**Task**
Restate verbatim the span of lines below between the line with "REAL LIFE FASHION" and the line with "glowing earth from", including those two lines, and only that span.

**Extracted entries**

■ ■ ■ ■ ■ ■ ■

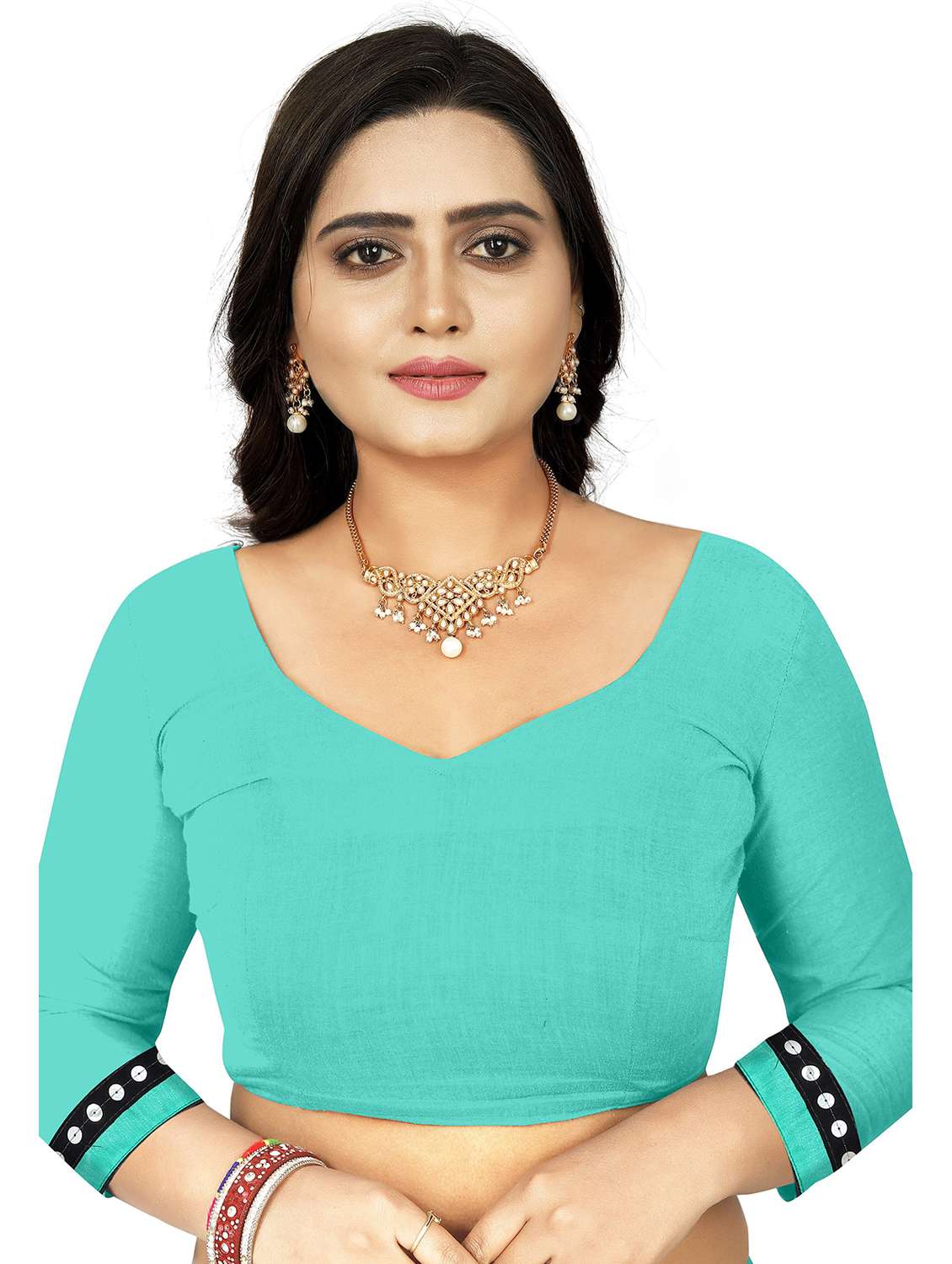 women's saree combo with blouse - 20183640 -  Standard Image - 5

■ ■ ■ ■ ■ ■ ■

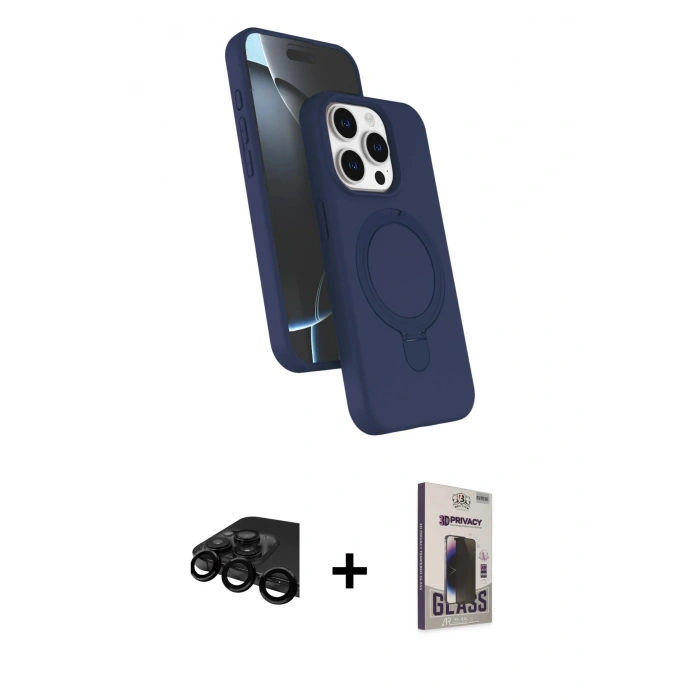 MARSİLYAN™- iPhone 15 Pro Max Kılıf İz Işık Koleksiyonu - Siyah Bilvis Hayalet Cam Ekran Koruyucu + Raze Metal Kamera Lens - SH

■ ■ ■ ■ ■ ■ ■

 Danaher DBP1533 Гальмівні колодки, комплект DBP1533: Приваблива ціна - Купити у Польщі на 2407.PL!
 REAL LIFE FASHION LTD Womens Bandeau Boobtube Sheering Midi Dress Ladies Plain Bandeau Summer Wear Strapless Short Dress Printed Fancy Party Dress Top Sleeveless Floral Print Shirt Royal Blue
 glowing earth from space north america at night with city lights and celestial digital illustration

■ ■ ■ ■ ■ ■ ■

**Response below**
 REAL LIFE FASHION LTD Womens Bandeau Boobtube Sheering Midi Dress Ladies Plain Bandeau Summer Wear Strapless Short Dress Printed Fancy Party Dress Top Sleeveless Floral Print Shirt Royal Blue
 glowing earth from space north america at night with city lights and celestial digital illustration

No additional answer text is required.